In an embarrassing development so soon after Apple’s AI announcements at WWDC, it emerged this week that the ChatGPT app for Mac has been failing to sandbox conversations, meaning the data can be easily accessed by other apps or anyone else who has access to your machine.
Pedro José Pereira Vieito outlined his concerns on Threads earlier this week.
“The OpenAI ChatGPT app on macOS is not sandboxed,” he explained, “and stores all the conversations in plain-text in a non-protected location:
~/Library/Application Support/com.openai.chat/conve…{uuid}/
So basically any other running app / process / malware can read all your ChatGPT conversations without any permission prompt.”
Pereira Vieito demonstrated to The Verge that a second app could access ChatGPT’s logs and show you the text of a conversation immediately after it happened.
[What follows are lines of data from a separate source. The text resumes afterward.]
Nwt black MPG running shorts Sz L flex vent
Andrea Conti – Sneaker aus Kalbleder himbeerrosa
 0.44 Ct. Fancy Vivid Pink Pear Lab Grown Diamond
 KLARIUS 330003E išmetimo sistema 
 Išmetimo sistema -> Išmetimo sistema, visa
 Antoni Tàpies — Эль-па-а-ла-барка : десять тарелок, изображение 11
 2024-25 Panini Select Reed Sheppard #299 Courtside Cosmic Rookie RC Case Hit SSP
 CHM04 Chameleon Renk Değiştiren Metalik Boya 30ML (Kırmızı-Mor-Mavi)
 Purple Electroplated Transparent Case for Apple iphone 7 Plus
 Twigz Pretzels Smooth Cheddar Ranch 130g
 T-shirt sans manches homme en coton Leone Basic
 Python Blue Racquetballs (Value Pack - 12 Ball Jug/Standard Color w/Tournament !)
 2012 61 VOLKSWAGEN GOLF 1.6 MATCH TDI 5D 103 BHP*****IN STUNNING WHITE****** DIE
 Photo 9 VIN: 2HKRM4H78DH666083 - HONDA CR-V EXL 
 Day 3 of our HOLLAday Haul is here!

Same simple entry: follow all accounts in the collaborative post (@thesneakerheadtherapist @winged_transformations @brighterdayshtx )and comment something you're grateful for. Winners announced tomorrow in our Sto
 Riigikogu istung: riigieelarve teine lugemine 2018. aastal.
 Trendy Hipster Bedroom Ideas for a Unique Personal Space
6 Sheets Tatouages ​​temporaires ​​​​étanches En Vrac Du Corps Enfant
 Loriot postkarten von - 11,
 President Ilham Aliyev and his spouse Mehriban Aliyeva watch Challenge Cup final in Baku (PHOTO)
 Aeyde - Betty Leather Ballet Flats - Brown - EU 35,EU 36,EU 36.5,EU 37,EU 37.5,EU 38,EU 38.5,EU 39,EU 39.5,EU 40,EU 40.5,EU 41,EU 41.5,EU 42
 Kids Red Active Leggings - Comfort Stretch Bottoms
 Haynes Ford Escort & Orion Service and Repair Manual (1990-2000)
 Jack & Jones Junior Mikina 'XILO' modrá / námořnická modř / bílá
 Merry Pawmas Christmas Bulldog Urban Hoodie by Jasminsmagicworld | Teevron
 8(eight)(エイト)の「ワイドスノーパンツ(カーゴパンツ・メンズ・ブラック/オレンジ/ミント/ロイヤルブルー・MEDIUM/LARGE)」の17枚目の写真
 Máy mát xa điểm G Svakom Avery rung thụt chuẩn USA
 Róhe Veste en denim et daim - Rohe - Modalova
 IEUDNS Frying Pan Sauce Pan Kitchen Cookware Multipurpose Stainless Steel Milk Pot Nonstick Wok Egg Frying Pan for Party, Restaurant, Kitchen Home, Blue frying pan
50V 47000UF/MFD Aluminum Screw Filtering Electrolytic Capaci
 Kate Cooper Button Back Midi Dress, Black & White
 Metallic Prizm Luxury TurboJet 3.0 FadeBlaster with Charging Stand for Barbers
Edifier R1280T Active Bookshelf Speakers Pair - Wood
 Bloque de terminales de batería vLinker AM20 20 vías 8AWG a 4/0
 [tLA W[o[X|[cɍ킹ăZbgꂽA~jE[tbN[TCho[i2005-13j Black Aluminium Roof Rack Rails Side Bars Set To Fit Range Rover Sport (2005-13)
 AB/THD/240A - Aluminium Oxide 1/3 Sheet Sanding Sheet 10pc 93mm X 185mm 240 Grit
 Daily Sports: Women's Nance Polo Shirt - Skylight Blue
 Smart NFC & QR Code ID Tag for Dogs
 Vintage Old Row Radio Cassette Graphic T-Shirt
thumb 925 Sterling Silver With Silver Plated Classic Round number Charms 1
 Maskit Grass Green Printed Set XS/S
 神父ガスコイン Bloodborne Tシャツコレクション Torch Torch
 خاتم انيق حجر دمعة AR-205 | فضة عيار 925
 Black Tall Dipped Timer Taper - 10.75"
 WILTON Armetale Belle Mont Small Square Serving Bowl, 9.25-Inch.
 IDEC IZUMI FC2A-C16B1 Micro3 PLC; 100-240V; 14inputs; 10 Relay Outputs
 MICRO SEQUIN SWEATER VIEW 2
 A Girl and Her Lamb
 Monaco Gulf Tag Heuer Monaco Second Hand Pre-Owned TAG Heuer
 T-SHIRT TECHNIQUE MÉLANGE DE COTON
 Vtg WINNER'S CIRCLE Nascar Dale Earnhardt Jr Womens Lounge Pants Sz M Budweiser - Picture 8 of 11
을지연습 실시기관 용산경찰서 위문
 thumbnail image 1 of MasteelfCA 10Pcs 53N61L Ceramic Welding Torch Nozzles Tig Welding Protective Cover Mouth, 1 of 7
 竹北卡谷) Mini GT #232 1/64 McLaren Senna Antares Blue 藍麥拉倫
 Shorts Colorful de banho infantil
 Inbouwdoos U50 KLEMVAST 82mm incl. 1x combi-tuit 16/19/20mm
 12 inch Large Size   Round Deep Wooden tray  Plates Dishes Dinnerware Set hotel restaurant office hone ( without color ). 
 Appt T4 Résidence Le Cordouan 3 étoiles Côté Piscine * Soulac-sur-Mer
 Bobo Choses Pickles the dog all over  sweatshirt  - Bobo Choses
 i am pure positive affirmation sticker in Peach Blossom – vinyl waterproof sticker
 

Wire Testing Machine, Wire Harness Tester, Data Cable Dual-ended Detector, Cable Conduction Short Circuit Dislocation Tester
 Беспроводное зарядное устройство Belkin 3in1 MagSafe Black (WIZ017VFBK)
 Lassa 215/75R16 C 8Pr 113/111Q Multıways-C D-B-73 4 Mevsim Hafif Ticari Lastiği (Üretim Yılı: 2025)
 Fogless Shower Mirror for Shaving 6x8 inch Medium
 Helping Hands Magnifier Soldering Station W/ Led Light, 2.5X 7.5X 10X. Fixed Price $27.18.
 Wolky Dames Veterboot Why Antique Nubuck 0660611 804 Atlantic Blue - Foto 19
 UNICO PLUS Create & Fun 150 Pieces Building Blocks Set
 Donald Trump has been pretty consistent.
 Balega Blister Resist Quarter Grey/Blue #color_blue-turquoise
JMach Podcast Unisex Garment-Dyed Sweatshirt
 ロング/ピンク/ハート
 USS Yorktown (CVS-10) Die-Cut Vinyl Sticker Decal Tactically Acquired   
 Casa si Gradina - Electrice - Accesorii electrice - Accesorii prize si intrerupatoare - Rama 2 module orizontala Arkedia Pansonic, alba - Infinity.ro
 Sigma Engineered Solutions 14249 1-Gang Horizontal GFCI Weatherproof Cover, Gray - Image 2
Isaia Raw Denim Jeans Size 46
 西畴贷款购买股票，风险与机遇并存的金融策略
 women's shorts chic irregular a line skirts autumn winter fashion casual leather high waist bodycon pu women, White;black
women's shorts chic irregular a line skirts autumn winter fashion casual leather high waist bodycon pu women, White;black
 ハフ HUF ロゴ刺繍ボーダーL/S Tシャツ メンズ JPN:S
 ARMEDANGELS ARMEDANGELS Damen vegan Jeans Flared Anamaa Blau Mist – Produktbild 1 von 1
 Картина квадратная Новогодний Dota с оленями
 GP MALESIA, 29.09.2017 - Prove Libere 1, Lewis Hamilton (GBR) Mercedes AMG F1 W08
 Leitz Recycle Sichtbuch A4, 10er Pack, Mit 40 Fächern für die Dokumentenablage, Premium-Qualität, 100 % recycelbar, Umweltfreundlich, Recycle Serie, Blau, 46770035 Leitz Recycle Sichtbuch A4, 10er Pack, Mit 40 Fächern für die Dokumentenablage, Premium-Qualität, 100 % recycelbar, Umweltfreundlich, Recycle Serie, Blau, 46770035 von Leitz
That’s not how things are supposed to work on the Mac, which has a policy of data siloing, or sandboxing, so that each app is unable to see other apps’ data without explicit permission.
As The Verge reports, the flaw was patched with an update shortly after it raised the issue with OpenAI. But doubts concerning the service’s trustworthiness may remain.
And not just for OpenAI. Apple has long trumpeted its own pro-security and pro-privacy credentials, and only last month announced that OpenAI would be the first and highest-profile partner for the new Apple Intelligence project. When this AI feature launches later this year, most tasks will be handled by Apple’s own systems, but certain tasks will be handed off to third-party bots… with the user’s permission. Apple says ChatGPT in Apple Intelligence will obscure IP addresses and requests won’t stored.
Google Gemini and other third-party AI assistants are also expected to join Apple Intelligence, but ChatGPT is the only confirmed chatbot for now.